CURIOUS to see events of recent weeks down around the old Fyansford paper mill. Explosives purportedly damaging a water race, a fire at Baums Weir, an airlift rescue after a hiker fell over the race’s waterfall, excess flow down the Barwon supposedly flushing platypus from their Bunyip Pool habitat …
Place’s getting busy. And lockdowns have introduced many people to parts of the river they didn’t know. Has to be a good thing, you’d think, provided it’s not abused and people who’ve worked as its carers for many years will be understandably interested, maybe anxious, about what these incursions might mean.
There’s talk of new tracks east of the paper mill, on the river’s north side, a push to repair the mill’s water race and start a charity-driven tourist heritage trail, a footbridge over the river upstream of the weir and a clear need for something safer than the slippery goat track on the south side.
Beautiful spot, of course, and the jumping-off staircase and lookouts at Buckley Falls are exceptional. But some people seem less than pleased about the prospect of opening the river to further traffic. And the notion of someone blowing up the paper mill’s old water race has grown a few more legs, of sorts.
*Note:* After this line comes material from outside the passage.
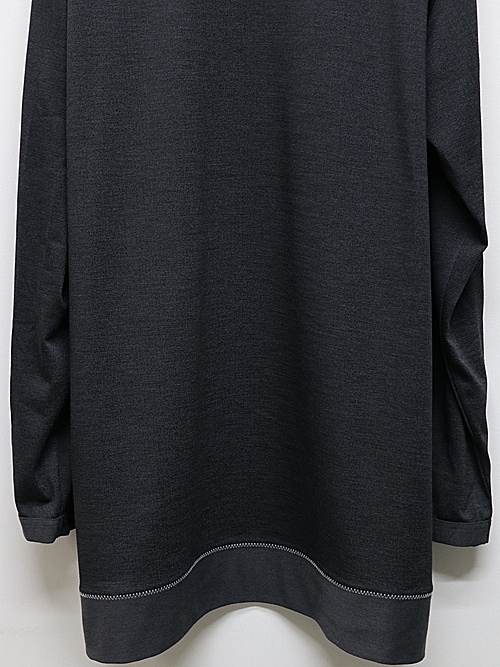 SALE40%OFF/Y-3���磻���꡼/Y3-A24-0000-260/U LS TEE PREM/BLACK.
Rod Morrison lives in one of the new estates that have popped up in Fyansford. He’s a regular hiker along the river, both sides. Likes photographing the place as well as the herons, egrets and other wildlife he finds. When he heard of the damage to the 145-year-old mill’s water race wall – stopping flow to the mill falls and introducing new flows to the river – he grabbed his camera.
“Using my 150-600 lens, I was able to obtain close-up shots of the breached wall, plus a mystery ‘sandbag’ hanging from the empty water race,” he says. “Two days after taking the photos of the breach, I walked up there again and discovered that the sandbag had mysteriously disappeared.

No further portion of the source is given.